The secret talks made public this week reveal another dark side of the Nixon-Kissinger contribution to the bloody overthrow of the Allende government on Sept. 11, 1973, and to the emergence of the Augusto Pinochet dictatorship in Chile.
Some indications were known regarding the Brazilian connection in the Chilean coup d'etat even before this recent public disclosure.
The Chilean navy coup plotters had maintained secret contacts with the Brazilian military and had even gauged the Brazilian reaction to a possible coup against Allende, which the Brazilians supported, as told by former Chilean navy officer Roberto Kelly in his memoirs.
Copying '64 Brazilian coup
Brazilian businessmen from Sao Paulo gave money to right-wing paramilitary groups like Patria y Libertad, while Brazilian ambassador to Santiago, Antonio Castro da Camara Canto, hosted coup plotters at his residence so that they could quietly prepare plans for the overthrow of Allende.
In 1973 the White House was copying in Chile the 1964 Brazilian coup against the left-leaning Joao Goulart, with the help of the original perpetrators. On the late afternoon of the coup against Allende, the Brazilian ambassador was at the military school where the members of the Chilean Junta first assembled.
Brazil was the first country to deliver diplomatic recognition to the Pinochet-led junta -- the United States had agreed with Pinochet that, for practical purposes, it should not be the first to do so, though it welcomed the military regime.
A few days later, Brazil gave Pinochet an emergency $100 million loan. The Nixon administration's ``invisible blockade'' against Allende also ended, and American economic and military aid, under preferential terms, began to flow generously to the Pinochet regime.
The Brazilian generals requested ``interrogating,'' and eventually transferring out of Chile, Brazilian refugees who had been taken as prisoners to the National Stadium in Santiago.
From then on, Brazilian military officers were seen at the stadium advising in torture techniques and picking up their detained compatriots. Some Brazilian prisoners recognized the chief Brazilian interrogator: Alfredo Poeck, a known torturer.
``Brazil is the key to the future,'' President Nixon had confided to the British prime minister in 1971. It surely seemed so, as more military dictatorships were born in Latin America, promoted by Washington, with a little help from Brasilia, guided by a Cold War mentality.
Forces unleashed
History should teach lessons.

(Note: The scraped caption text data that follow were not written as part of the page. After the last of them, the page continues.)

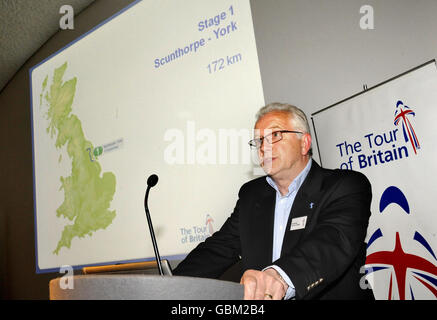 Start der Tour of Britain 2009. Technischer Direktor Mick Bennett bei einer Pressekonferenz zur Tour of Britain 2009, die in Scunthorpe beginnt. Stockfoto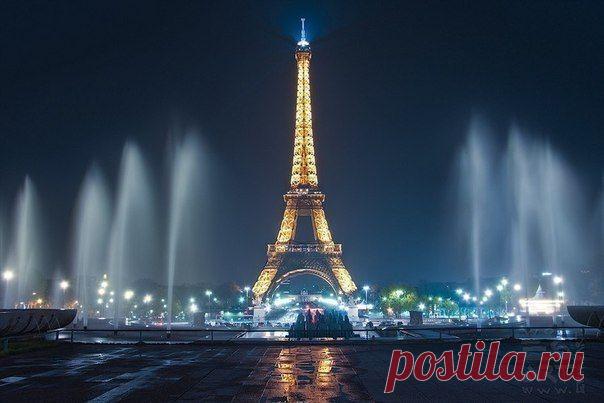 Ночной Париж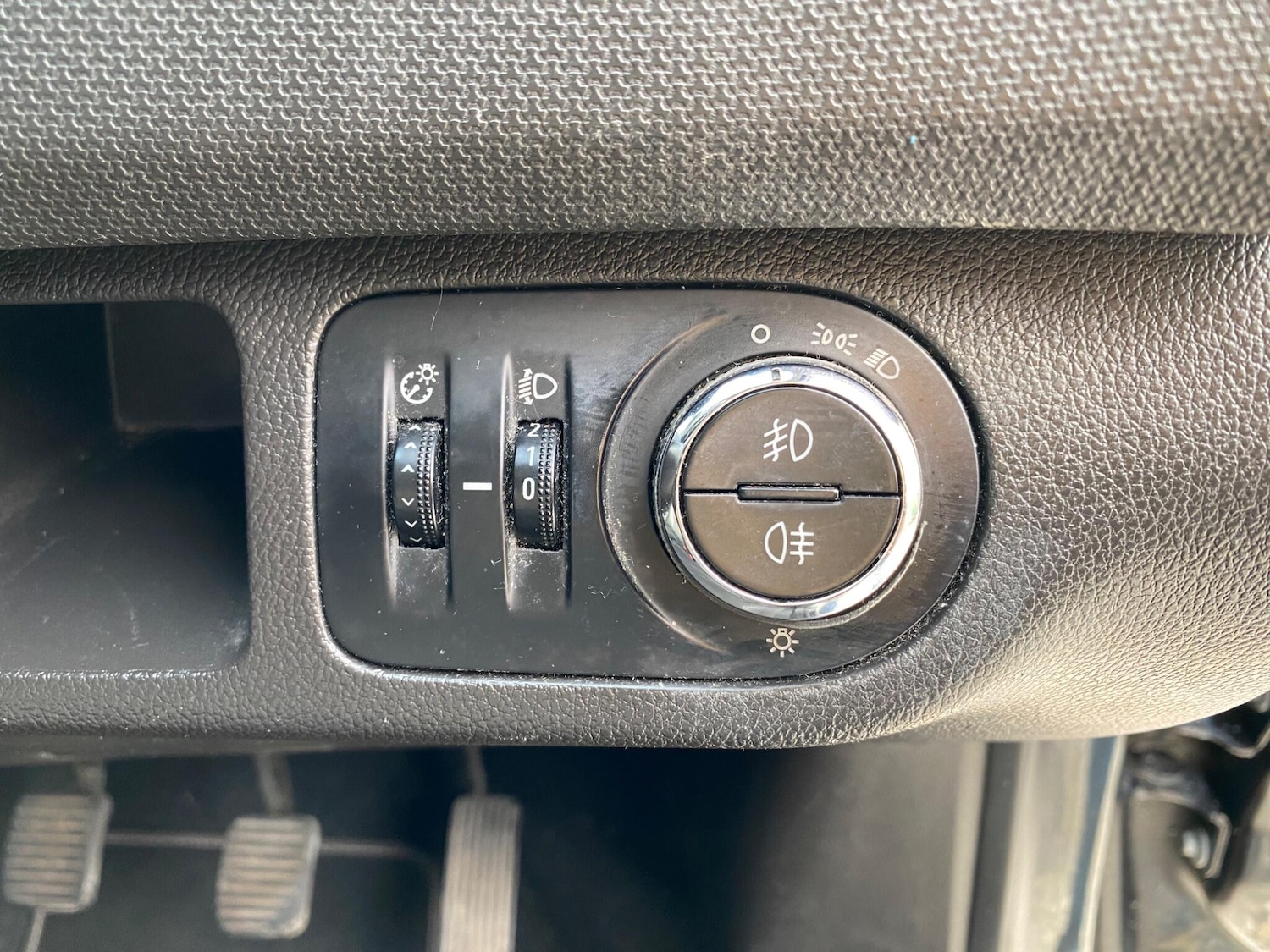 Used Vauxhall Meriva 2012 for sale - 76995515: Photo 37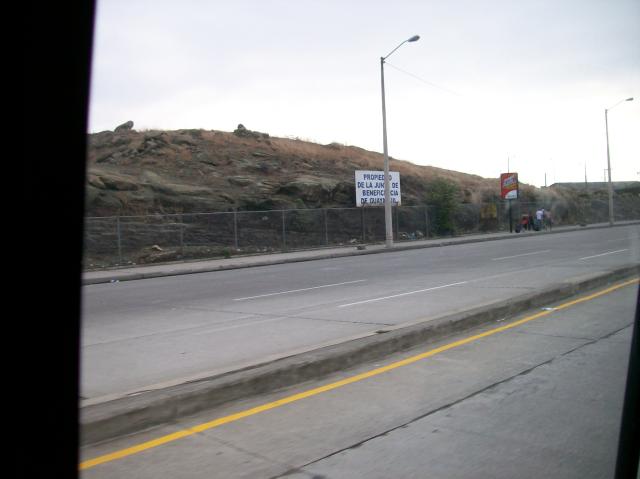 3 Road Sign - 100_0595 - 12.25.06 07.41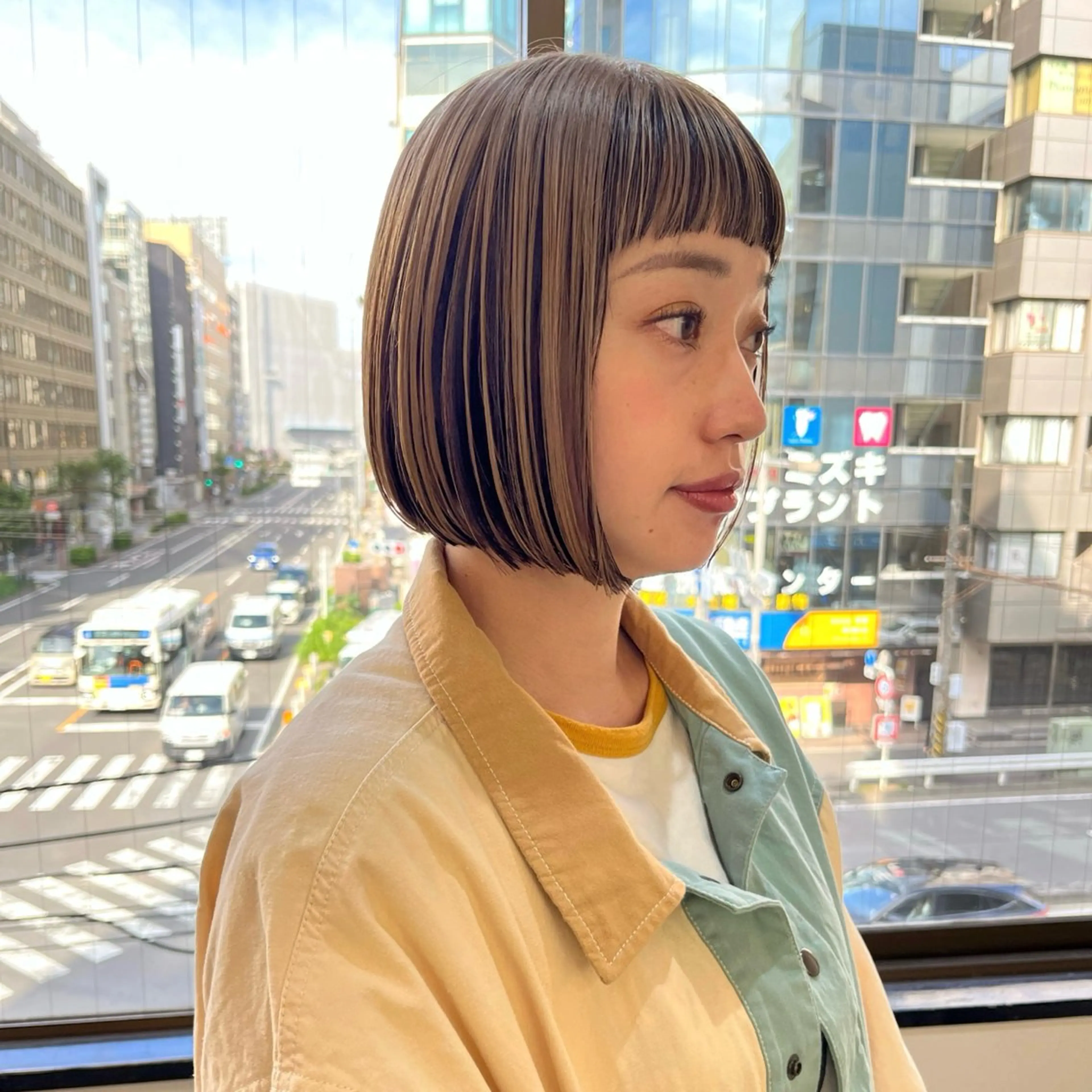 ショート カラー ブリーチ ブリーチなしカラー ボブ 髪質改善 レイヤーカット カット ヘアカラー トリートメント 初めてのショート お任せください✂️のヘアスタイル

That of 1973 was that the White House, in contributing to the overthrow of a democratic government, like a sorcerer's apprentice, unleashed forces that it could not control as the Pinochet secret police would even perpetrate terrorist attacks against dissidents on the streets of Washington, D.C.
After all these years and so much evidence revealed about U.S. covert action against a democratically elected government, perhaps a formal apology is due to the Chilean people.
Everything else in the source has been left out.